Mélio Tinga começou a escrever o seu romance em Março, na altura de Estado de Emergência em Moçambique. Nesse mesmo período, o escritor lançou-se ao desafio de escrever dois livros: um romance e uma novela. Marriza precisou de seis semanas para ficar pronto. Claro, depois seguiu-se o trabalho de revisão e coisas dos género.
Mélio Tinga já publicou dois livros de contos e promete continuar a escrevê-los. E esclarece. “Eu sempre escrevi textos longos, que não serviam para nada. Acho que o conto é importante para os autores que pretendem fazer textos mais longos, como espécie de uma escola para treinar a técnica narrativa. Por isso, para mim, o conto continuará a ser importante. O facto de ter vencido este prémio, com um romance, não significa que vou abandonar o conto, que, para mim, é mais exigente em termos técnicos, de gestão do tempo, do espaço limitado e das personagens reduzidas. Isso exige que o autor tenha essa capacidade de gestão. Quando conseguimos manipular todos esses elementos no conto, de alguma forma, torna-se mais fácil a transição para o romance. Depois disso, o que se exige na escrita do romance é fôlego, e não inspiração que termina em um parágrafo”.

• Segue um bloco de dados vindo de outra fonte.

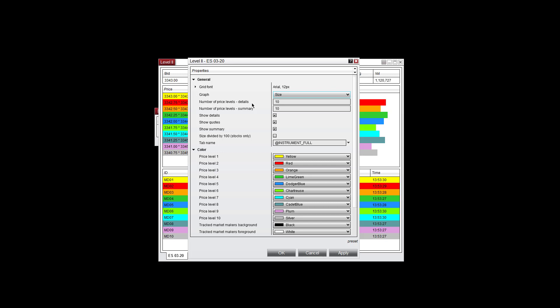Number of price level details, set the default to 10. You can increase that here. Size divided by 100, for stocks only. You can select or deselect that here.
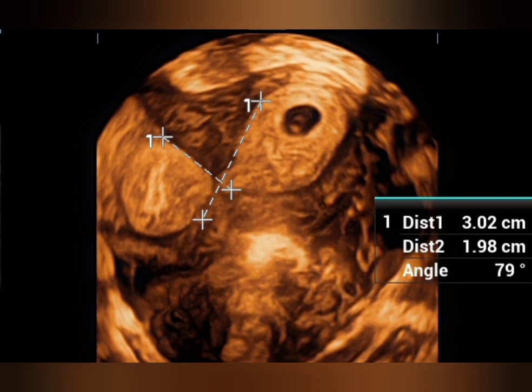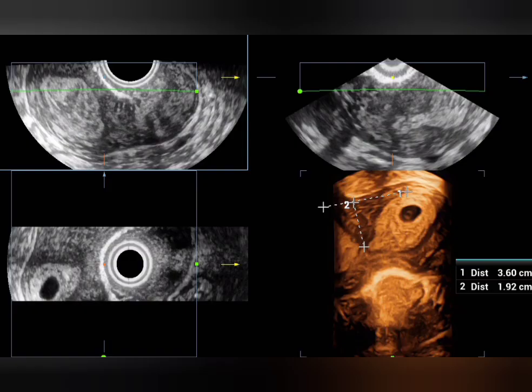The angle is less than 90°, measuring about 79°. If you measure the myometrial indentation, it is measuring about 1.9 centimeters. So we have an acute angle and a myometrial indentation of more than one centimeter.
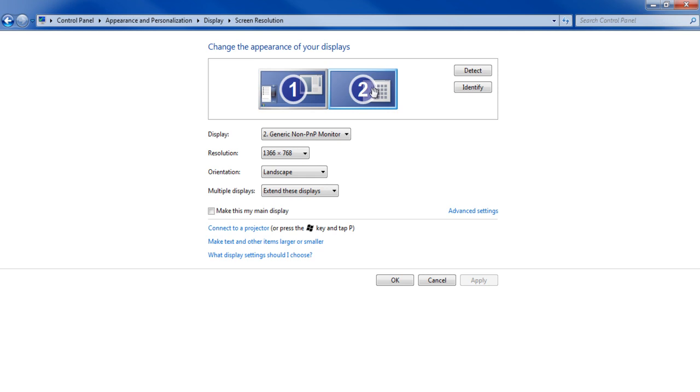Now select the resolution according to your television set and select the Landscape mode next to the Orientation label.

A terminar a conversa com o jornalista, ainda com a perna cruzada, e com o semblante sisudo, Mélio Tinga sublinhou que o reconhecimento público do seu exercício literário pode permitir que as pessoas conheçam o seu trabalho. “Esse é o grande ganho dos prémios. Abrem portas e janelas para que as pessoas, por curiosidade ou interesse, procurem os nossos trabalhos”
A voz do júri
Nesta edição, o júri do Prémio Literário Imprensa Nacional/ Eugénio Lisboa foi constituído por Mbate Pedro (presidente), Sara Jona Laisse e Paula Mendes. O trio decidiu por Marizza, de Mélio Tinga, não por ela ter olhos bonitos ou ancas sedutoras. O que é que é isso, caro leitor? O júri, de acordo com informação oficial, reconheceu Tinga por causa da “criatividade com que o autor aborda um assunto do quotidiano e à qualidade e inovação estética da obra, numa narrativa coesa e coerente, na qual a forma se sobrepõe ao conteúdo. Destaca-se nesta obra, a qualidade literária de uma escrita permeada por notáveis registos poéticos. Marizza ajuda-nos a reflectir sobre o lugar da literatura e da cultura nos tempos modernos”.
Num universo de 42 trabalhos submetidos ao concurso literário, houve menção honrosa para o texto Eva, de Léo Cote.
Um excerto do romance laureado de Mélio Tinga
“Senti emergir do fundo das vísceras algo doloroso e túrgido. Uma sensação de focas a chapinhar no centro do lago. Estava pálido, como neve. Tremia com exageros. Ouvir aquela voz aguda, partia-me os ossos de modo indolente. Tinha a mão suada, o celular ao ouvido parecia em brasa, como se fosse causar uma inesperada explosão. A partir desse dia passei a crer na força do azar e a desconfiar do canto dos pardais”.